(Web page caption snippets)

- Opening Delimiter -

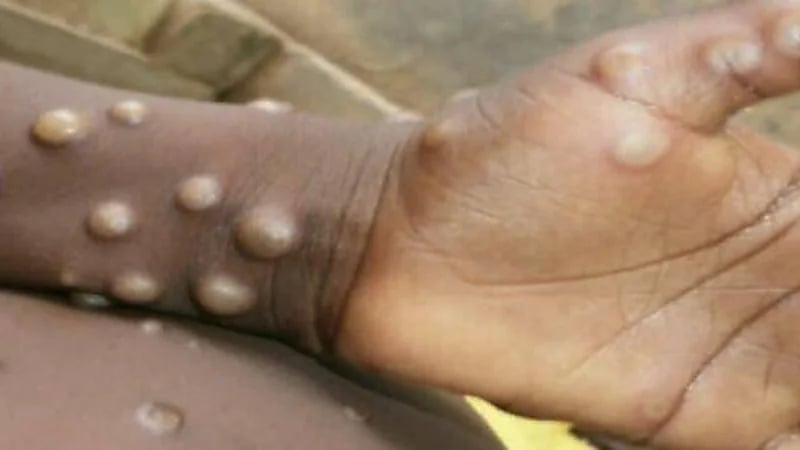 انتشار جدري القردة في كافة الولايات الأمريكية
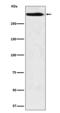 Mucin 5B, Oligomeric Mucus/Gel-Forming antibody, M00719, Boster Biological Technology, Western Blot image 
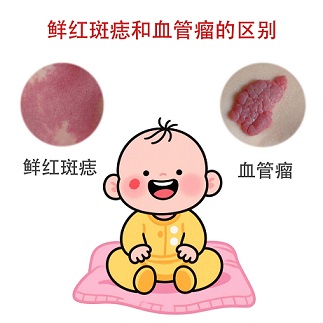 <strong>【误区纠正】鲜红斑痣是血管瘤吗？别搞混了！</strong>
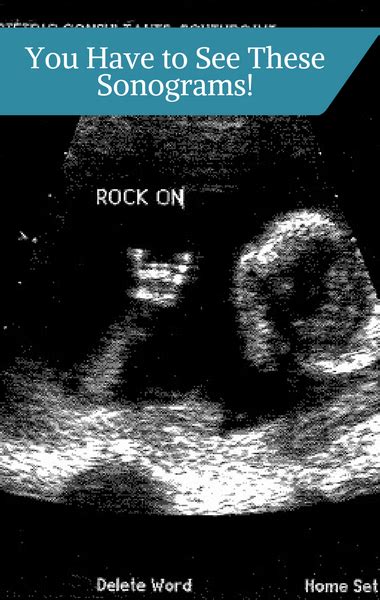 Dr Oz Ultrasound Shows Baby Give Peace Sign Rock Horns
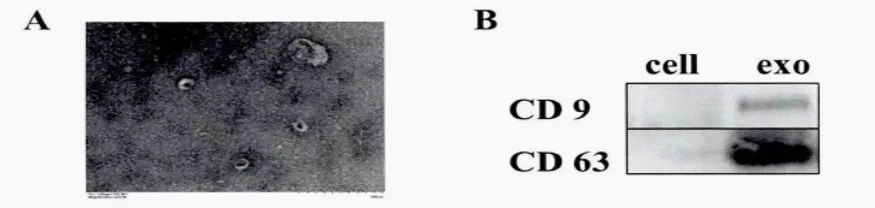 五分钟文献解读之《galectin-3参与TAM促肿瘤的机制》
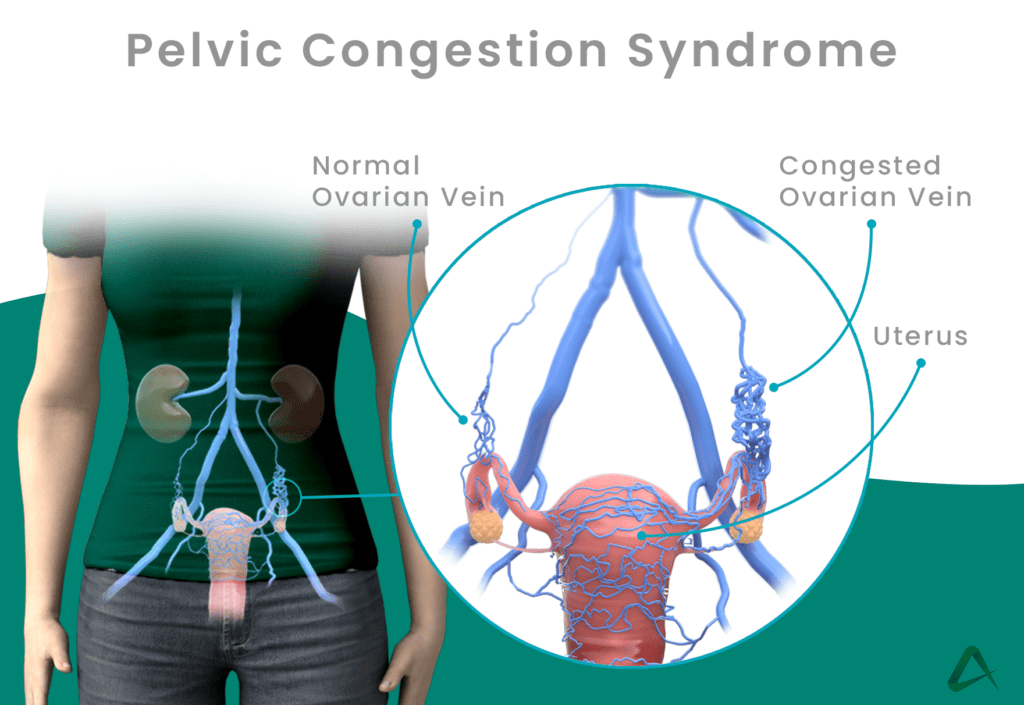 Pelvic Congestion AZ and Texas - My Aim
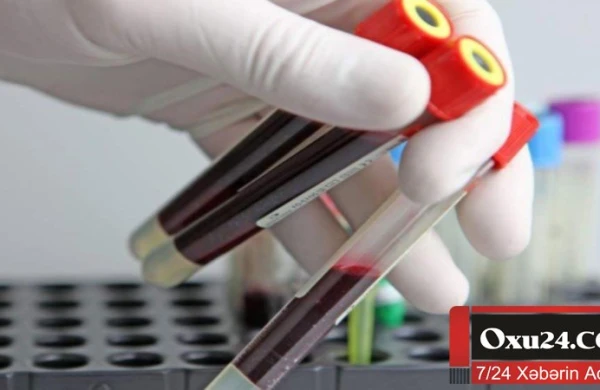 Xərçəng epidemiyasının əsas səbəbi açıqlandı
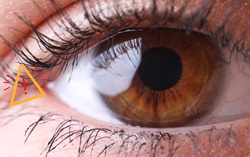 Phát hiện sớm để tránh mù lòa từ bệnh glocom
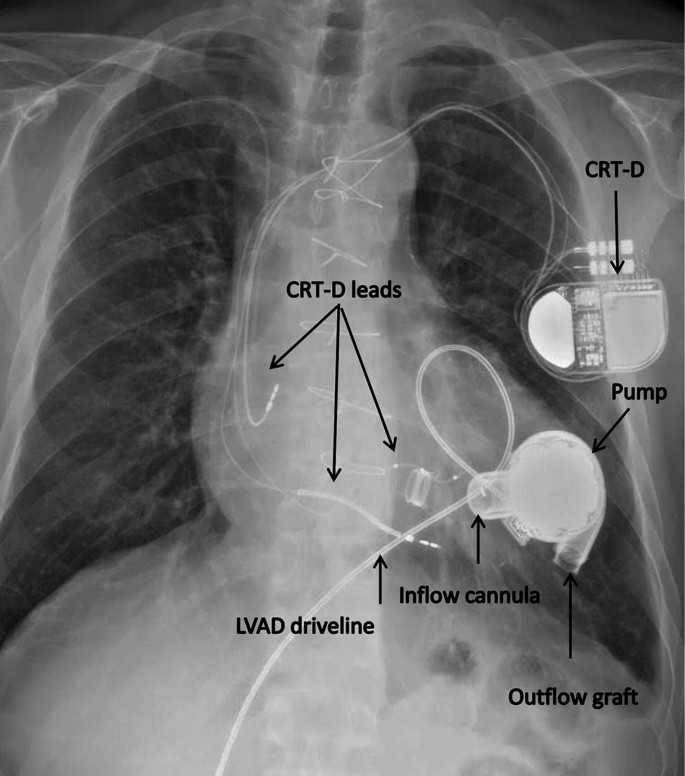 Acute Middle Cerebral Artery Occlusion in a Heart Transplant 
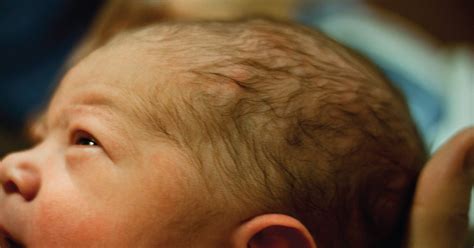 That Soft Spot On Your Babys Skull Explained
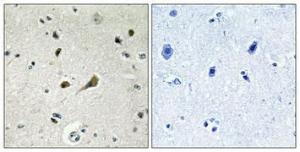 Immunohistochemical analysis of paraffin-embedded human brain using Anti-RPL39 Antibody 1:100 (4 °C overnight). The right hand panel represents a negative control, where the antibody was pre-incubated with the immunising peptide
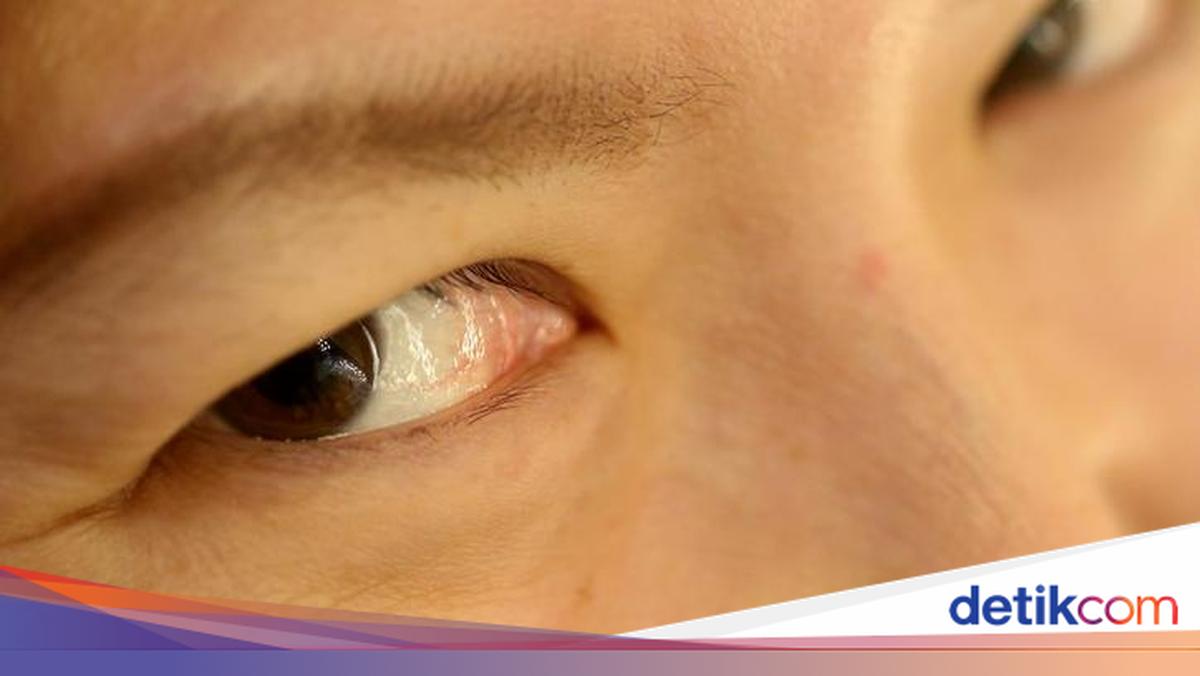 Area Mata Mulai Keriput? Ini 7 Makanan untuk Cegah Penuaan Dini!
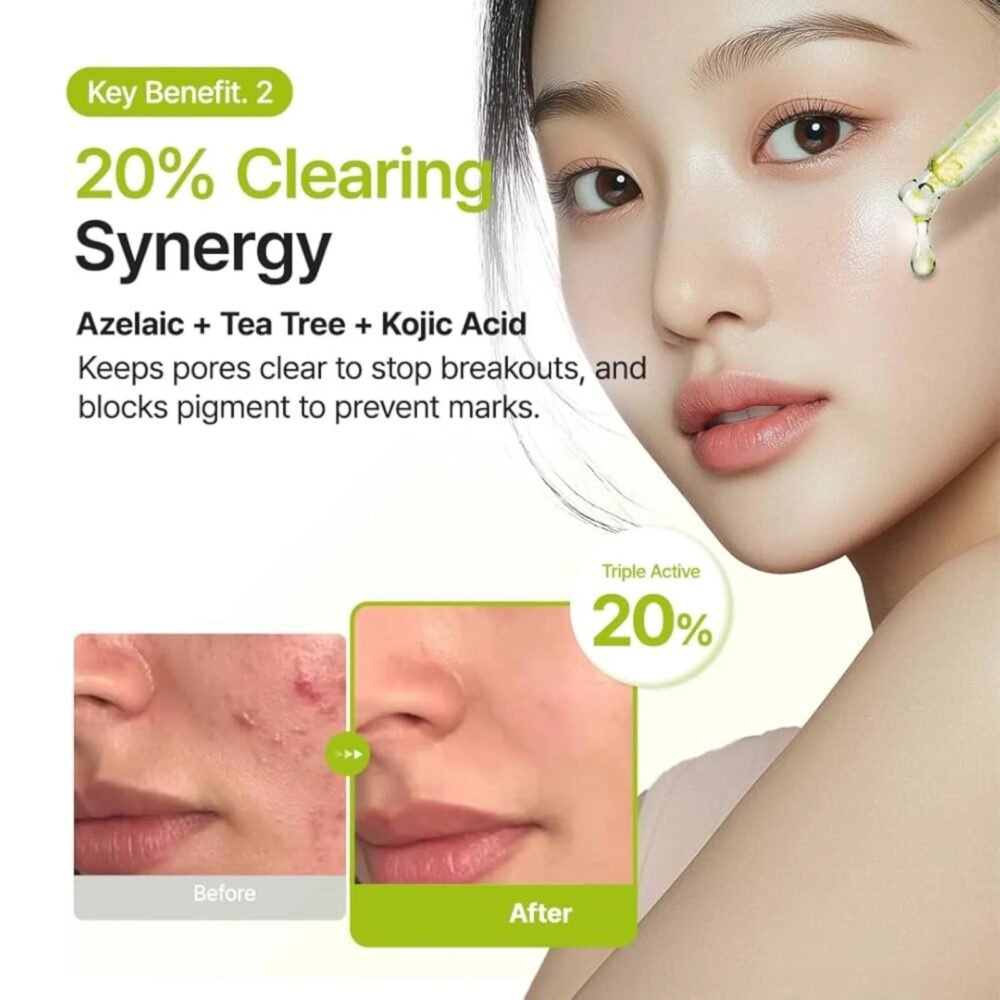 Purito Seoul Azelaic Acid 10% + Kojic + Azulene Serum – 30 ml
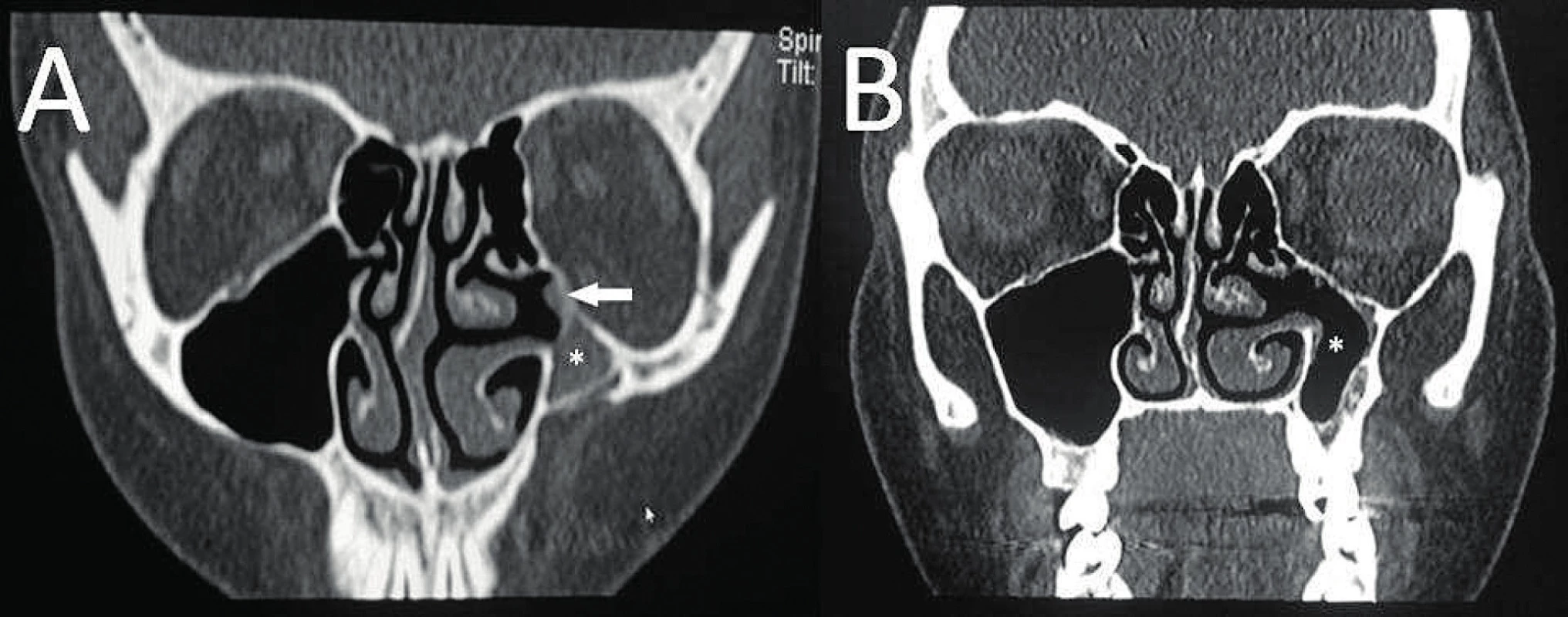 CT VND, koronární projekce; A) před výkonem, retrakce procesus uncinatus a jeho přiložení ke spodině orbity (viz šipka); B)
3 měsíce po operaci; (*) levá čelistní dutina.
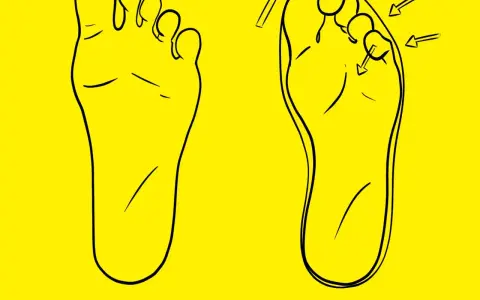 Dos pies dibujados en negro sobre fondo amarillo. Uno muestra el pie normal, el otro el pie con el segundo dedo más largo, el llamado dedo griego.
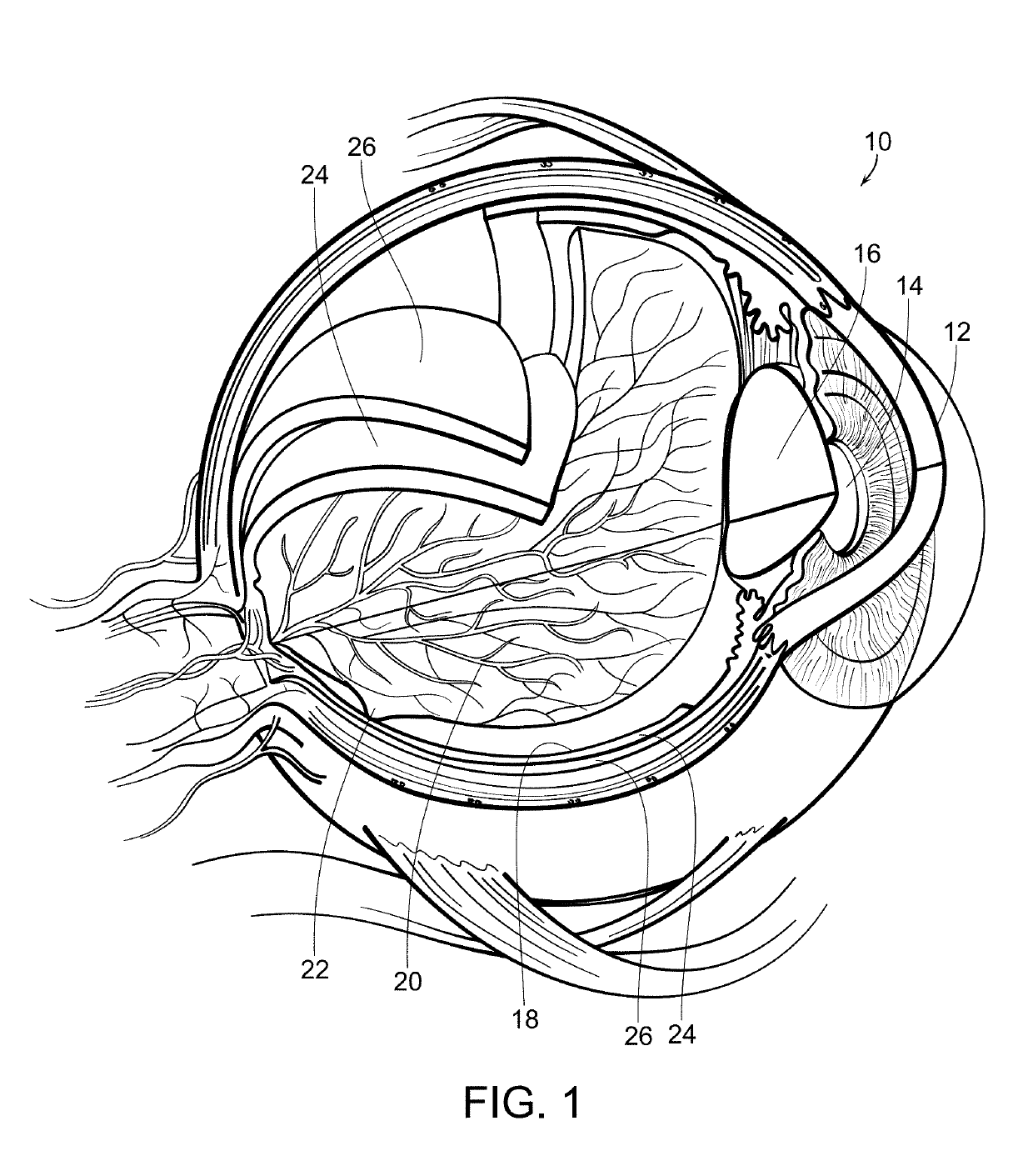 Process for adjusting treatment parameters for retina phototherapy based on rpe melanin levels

- Closing Delimiter -

*Problem details*. Your answer should be the lines above, word for word, from the line with "Pelvic Congestion AZ and Texas - My Aim" through the line with "Area Mata Mulai", minus the pictures.

*Task response*.
 Pelvic Congestion AZ and Texas - My Aim
 Xərçəng epidemiyasının əsas səbəbi açıqlandı
 Phát hiện sớm để tránh mù lòa từ bệnh glocom
 Acute Middle Cerebral Artery Occlusion in a Heart Transplant 
 That Soft Spot On Your Babys Skull Explained
 Immunohistochemical analysis of paraffin-embedded human brain using Anti-RPL39 Antibody 1:100 (4 °C overnight). The right hand panel represents a negative control, where the antibody was pre-incubated with the immunising peptide
 Area Mata Mulai Keriput? Ini 7 Makanan untuk Cegah Penuaan Dini!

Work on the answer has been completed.